##Importing Important Libraries

Steps to be followed
1.Importing Libraries
2.Creating s3 bucket
3.Mapping train and test data in s3
4.Mapping the path of models in s3

In [13]:
import sagemaker
import boto3
from sagemaker.amazon.amazon_estimator import get_image_uri
from sagemaker.session import s3_input,Session

In [35]:
bucket_name="naaztest456"
my_region=boto3.session.Session().region_name
print(my_region)
print(bucket_name)

us-east-1
naaztest456


In [36]:
s3 = boto3.resource('s3')
try:
    if my_region == 'us-east-1':
        s3.create_bucket(Bucket=bucket_name)
    print('S3 bucket created successfully')
except Exception as e:
    print('S3 error:',e)
    

S3 bucket created successfully


In [38]:
#Output path where trained model is saved

prefix= 'xgboost-as-a-built-in-algo'
output_path='s3://{}/{}/output'.format(bucket_name,prefix)
print(output_path)

s3://naaztest456/xgboost-as-a-built-in-algo/output


Downloading the dataset and storing in s3

In [43]:
import pandas as pd
import urllib
try:
    urllib.request.urlretrieve("http://d1.awsstatic.com/tmt/build-train-deploy-machine-learning-model-sagemaker/bank_clean.27f01fbbdf43271788427f3682996ae29ceca05d.csv","bank_clean.csv")
    print("Success : Downloaded bank_clean.csv")
except Exception as e:
    print("Data load Error",e)

try:
    model_data=pd.read_csv('./bank_clean.csv',index_col=0)
    print("Success Data Loaded into DataFrame")
except Exception as e:
    print("Data Load Error ",e)
    
    
    

Success : Downloaded bank_clean.csv
Success Data Loaded into DataFrame


In [45]:
##Train-Test-Split
import numpy as np
train_data,test_data=np.split(model_data.sample(frac=1,random_state=1729),[int(0.7 *len(model_data))])
print(train_data.shape,test_data.shape)

(28831, 61) (12357, 61)


In [52]:
##Saving Train and Test data in s3 buckets
##We startwith train data

import os
pd.concat([train_data['y_yes'],train_data.drop(['y_no','y_yes'],axis=1)],axis=1).to_csv('train.csv',index=False,header=False)

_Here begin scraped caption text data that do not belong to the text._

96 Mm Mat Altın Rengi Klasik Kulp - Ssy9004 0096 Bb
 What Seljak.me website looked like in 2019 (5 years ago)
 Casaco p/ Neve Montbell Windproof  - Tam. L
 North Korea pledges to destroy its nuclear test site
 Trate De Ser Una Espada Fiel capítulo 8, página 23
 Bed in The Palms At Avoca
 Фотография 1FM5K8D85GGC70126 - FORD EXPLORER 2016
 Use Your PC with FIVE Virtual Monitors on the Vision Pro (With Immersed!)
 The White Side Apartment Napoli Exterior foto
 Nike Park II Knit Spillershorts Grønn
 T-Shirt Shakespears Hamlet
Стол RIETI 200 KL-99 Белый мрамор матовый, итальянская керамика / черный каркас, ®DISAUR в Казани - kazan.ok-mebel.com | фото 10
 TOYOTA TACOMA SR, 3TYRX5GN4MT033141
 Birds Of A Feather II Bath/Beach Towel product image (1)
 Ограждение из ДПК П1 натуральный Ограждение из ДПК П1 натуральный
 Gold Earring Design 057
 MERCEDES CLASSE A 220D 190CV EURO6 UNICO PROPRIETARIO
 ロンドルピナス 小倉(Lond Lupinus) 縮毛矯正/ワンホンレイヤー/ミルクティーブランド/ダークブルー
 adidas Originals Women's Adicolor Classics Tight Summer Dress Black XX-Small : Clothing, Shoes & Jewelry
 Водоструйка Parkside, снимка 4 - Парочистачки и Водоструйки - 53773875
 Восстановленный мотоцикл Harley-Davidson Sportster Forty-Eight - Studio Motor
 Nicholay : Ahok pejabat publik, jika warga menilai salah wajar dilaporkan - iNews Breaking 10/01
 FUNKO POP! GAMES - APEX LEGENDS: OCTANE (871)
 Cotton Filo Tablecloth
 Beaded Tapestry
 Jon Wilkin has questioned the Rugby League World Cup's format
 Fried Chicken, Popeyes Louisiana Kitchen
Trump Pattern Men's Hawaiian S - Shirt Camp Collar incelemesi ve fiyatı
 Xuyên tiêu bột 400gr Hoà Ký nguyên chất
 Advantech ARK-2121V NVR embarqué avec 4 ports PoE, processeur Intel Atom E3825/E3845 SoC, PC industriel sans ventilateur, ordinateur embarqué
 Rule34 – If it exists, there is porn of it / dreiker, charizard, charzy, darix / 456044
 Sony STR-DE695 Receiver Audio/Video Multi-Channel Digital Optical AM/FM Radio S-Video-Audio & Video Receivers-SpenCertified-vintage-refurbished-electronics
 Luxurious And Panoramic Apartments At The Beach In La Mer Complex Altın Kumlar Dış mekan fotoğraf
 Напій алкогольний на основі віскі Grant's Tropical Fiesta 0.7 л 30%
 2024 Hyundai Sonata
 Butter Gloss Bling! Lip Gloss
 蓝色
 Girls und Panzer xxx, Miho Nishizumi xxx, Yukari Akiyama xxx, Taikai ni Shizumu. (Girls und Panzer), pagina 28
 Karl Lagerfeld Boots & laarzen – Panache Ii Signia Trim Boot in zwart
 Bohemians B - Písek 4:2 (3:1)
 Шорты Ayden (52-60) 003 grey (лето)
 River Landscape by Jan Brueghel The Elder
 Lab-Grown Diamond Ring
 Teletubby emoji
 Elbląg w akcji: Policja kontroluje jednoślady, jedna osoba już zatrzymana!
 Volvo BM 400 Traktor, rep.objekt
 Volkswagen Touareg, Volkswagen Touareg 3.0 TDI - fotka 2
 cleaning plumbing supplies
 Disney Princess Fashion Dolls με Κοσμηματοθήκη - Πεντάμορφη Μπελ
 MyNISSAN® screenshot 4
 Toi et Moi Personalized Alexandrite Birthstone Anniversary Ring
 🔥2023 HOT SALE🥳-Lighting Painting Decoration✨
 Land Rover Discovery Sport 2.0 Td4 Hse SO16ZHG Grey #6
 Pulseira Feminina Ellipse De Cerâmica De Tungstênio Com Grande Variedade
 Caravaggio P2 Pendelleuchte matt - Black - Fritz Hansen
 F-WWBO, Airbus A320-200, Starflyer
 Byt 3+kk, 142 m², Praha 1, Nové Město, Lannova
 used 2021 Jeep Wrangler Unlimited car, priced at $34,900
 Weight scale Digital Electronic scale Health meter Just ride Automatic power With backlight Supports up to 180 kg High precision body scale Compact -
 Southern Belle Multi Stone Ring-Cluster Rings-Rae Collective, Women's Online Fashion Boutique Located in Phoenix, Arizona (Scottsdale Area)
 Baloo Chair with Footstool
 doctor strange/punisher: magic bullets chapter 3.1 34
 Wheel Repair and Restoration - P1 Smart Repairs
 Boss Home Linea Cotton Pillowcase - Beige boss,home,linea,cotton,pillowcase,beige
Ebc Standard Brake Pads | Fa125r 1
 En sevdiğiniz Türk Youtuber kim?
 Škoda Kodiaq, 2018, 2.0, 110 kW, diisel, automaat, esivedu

boto3.Session().resource('s3').Bucket(bucket_name).Object(os.path.join(prefix,"train/train.csv")).upload_file('train.csv')
s3_input_train=sagemaker.TrainingInput(s3_data='s3://{}/{}/train'.format(bucket_name,prefix), content_type='csv')

In [53]:
#Test Data into buckets
pd.concat([test_data['y_yes'],test_data.drop(['y_no','y_yes'],axis=1)],axis=1).to_csv('test.csv',index=False,header=False)
boto3.Session().resource('s3').Bucket(bucket_name).Object(os.path.join(prefix,"test/test.csv")).upload_file('test.csv')
s3_input_test=sagemaker.TrainingInput(s3_data='s3://{}/{}/test'.format(bucket_name,prefix), content_type='csv')

# Building Model XGBoost

In [54]:
#This will automatically looks for the XGBoost image URI and builds an XGbosst Container
#Specify repo versions based on your preferences

container=get_image_uri(boto3.Session().region_name,'xgboost',repo_version='1.0-1')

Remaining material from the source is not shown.